Djerbas Lagune hat die wunderbarsten Gezeiten. Bei Flut ist das Wasser 30 bis 40  Zentimeter tief und schimmert violett, grün oder hellbraun, bei Ebbe trocknet es fast aus und auf den hellen Sandbänken wachsen Unterwasserbüsche aus Seegras in verschiedensten Schattierungen. Der fast sieben Kilometer lange Römerdamm verbindet die mit 514 Quadratkilometern größte Insel Nordafrikas mit der Oase Zarzis. Er stammt wohl aus punischer Zeit und war errichtet worden, um den Warenaustausch mit dem Festland zu vereinfachen.

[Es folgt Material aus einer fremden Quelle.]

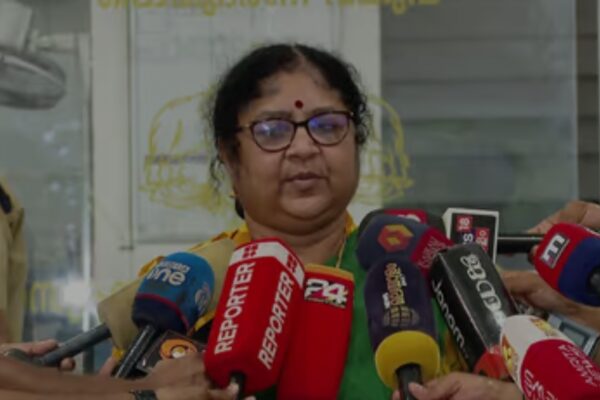 മോഹൻലാലിന്റെ പ്രസംഗത്തിലെ വരികളെക്കുറിച്ച് വേവലാതിപ്പെടേണ്ട, മന്ത്രി ആർ ബിന്ദു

Im Mittelalter wurde er teils überschwemmt, man nannte ihn Kamelroute, bei Ebbe querten ihn Karawanen. Seit 1951 führt eine Straße über ihn, massive Rohre bringen Süßwasser aus den Bergen, ohne die der Hotelbetrieb auf der Urlaubsinsel nicht denkbar wäre. Mit 320 jährlichen Sonnentagen liegt Djerba, auch „La Douce" genannt, die Süße, 170.000 Einwohner, vor der Ostküste Tunesiens, im Golf von Gabès, knapp 100 Kilometer von der libyschen Grenze fast schon im Wüstenbereich. Wasser ist knapp, die Straßenführung, oft überraschend krumm, zeugt noch von den historischen Verbindungen zwischen Zisternen. Das Süßwasser, die rotbraune Erde, die weiße Architektur, der blaue Himmel – Atouts einer glücklichen Insel.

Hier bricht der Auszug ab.